# Work Visa for a UK Citizen to work in the US?



## kurosushi (Jan 21, 2013)

Hello:clap2:

Sorry if this is going to be a repetitive question..

I am a US Citizen. My UK boyfriend and I met 2.5 years ago working in Tokyo. We both decided to leave our jobs in Japan to try to move to the UK. He found a job in the UK, and I found it extremely difficult to find a job there without any sort of company sponsorship. Therefore I have moved back to the US to work. 

Since we still intend on being together... 

1) If we decide not to get married, how difficult will it be for him to obtain a work visa? He works in a small finance firm based in the UK with offices in the US but after speaking to his managers, they will not be able to sponsor him. He works as an operational analyst, would he be eligible for an H1B visa?

2) If we were to get married, how would that work? Would we need to apply for a K1 visa in order to get married? Or, can we simply get married in the US and then apply for the CR1? According to this website getting a CR1 could take about 11 months. (Comparison of Marriage Based Immigration Choices)
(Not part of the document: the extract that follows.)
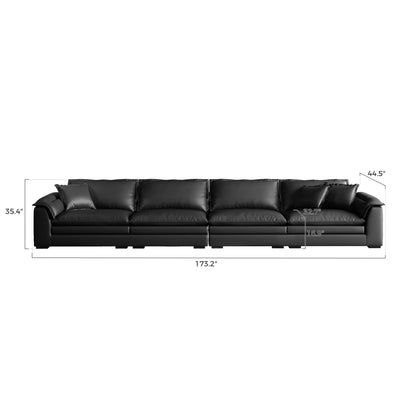 Sandwich Genuine Leather Sofa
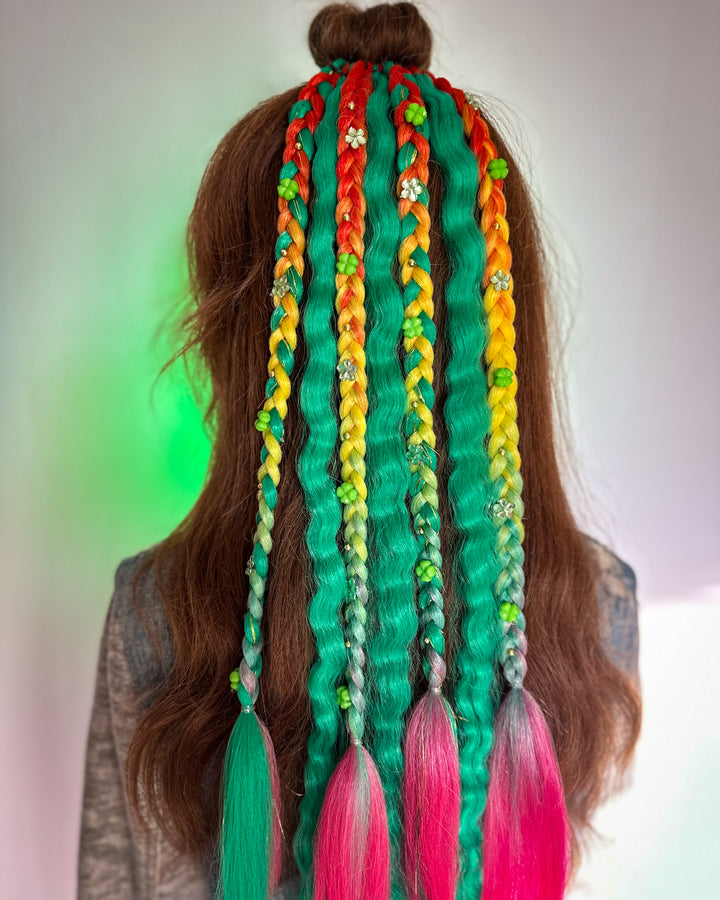 Pot of Gold Gemmed Braided Ponytail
Thanks for your help in advance.


----------



## Davis1 (Feb 20, 2009)

Unless he has a Master his employment chances in the US are low
and this year visas are used up anyway

for a fiancee visa 
K1 Process Flowchart

US Citizen can apply for a special visa to allow a non-citizen (their fiancée) to enter the country in order to get married to a US citizen inside the US.

Once issued, the K1 visa will allow the non-citizen to enter the United States legally, for 90 days in order for the marriage ceremony to take place. Once you marry, the non-citizen can remain in the US and may apply for permanent residence. While USCIS processes the application, the non-citizen can remain in the US legally
The US citizen income must meet the require minimum to fulfill the affidavit of support


----------